Alternative splicing is a regulated process during gene expression in which particular exons of a pre-mRNA transcript are included or excluded to generate multiple distinct mature mRNA isoforms from a single gene. This mechanism dramatically expands proteomic diversity; estimates suggest that over 95% of human multi-exon genes undergo alternative splicing, allowing a genome of ~20,000 genes to produce hundreds of thousands of protein variants. Mis-regulation of alternative splicing is implicated in many diseases including spinal muscular atrophy, various cancers, and neurological disorders.

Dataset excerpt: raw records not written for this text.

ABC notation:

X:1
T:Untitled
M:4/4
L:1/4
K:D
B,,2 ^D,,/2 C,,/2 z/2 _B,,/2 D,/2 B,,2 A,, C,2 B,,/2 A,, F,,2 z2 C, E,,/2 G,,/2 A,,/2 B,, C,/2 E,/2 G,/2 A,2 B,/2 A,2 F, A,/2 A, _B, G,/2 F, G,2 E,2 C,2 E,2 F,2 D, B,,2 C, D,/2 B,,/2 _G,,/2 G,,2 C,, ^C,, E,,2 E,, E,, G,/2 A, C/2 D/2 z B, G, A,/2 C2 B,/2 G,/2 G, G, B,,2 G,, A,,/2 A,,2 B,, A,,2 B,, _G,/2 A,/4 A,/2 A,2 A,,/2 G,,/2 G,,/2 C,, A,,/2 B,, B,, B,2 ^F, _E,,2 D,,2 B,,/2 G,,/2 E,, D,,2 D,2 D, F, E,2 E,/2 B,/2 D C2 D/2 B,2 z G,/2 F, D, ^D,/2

| Type | Description | Effect on mRNA | Example Gene |
|---|---|---|---|
| Exon skipping | One or more exons are excluded | Shorter mRNA | DSCAM (Drosophila) |
| Intron retention | Intron remains in mature mRNA | Longer mRNA | Many plant genes |
| Alternative 5' splice site | Different donor site used | Altered exon boundary | SRp20 |
| Alternative 3' splice site | Different acceptor site used | Altered exon boundary | Alpha-tropomyosin |
| Mutually exclusive exons | Only one of two exons included | Two distinct proteins | Troponin T |
Wikimedia Commons, CC BY-SA
An intron (intervening sequence) is a non-coding segment of a pre-mRNA transcript that is removed by RNA splicing before the mature mRNA is translated into protein. Introns are excised as lariat-shaped structures by the spliceosome, a large ribonucleoprotein complex that recognises conserved splice-site sequences at intron boundaries. Although historically considered "junk DNA," introns are now understood to play important roles in gene regulation, alternative splicing, and as sources of small non-coding RNAs such as snoRNAs and microRNAs.
An exon is any nucleotide sequence within a gene that is represented in the mature, spliced mRNA and is ultimately translated into protein (or retained in functional non-coding RNAs). After transcription, exons are joined together following the removal of introns to form the continuous open reading frame. The modular nature of exons provides an evolutionary advantage: exon shuffling — the rearrangement of exon modules between genes — is a major mechanism for generating new protein functions and domain architectures.
A transcription factor is a protein that binds to specific DNA sequences in the promoter or enhancer regions of a gene to control the rate of transcription by RNA polymerase. These proteins act as molecular switches, either activating or repressing gene expression in response to developmental cues, environmental signals, or cellular needs. In humans, approximately 1,600 transcription factors have been identified, and their dysregulation is linked to cancers, developmental disorders, and metabolic diseases.
From Latin "alter" (other, another) + English "splicing" (joining ends together, borrowed from sailors' rope-joining technique in the 16th century). The molecular biology usage emerged in 1977 after the discovery of introns by Sharp and Roberts.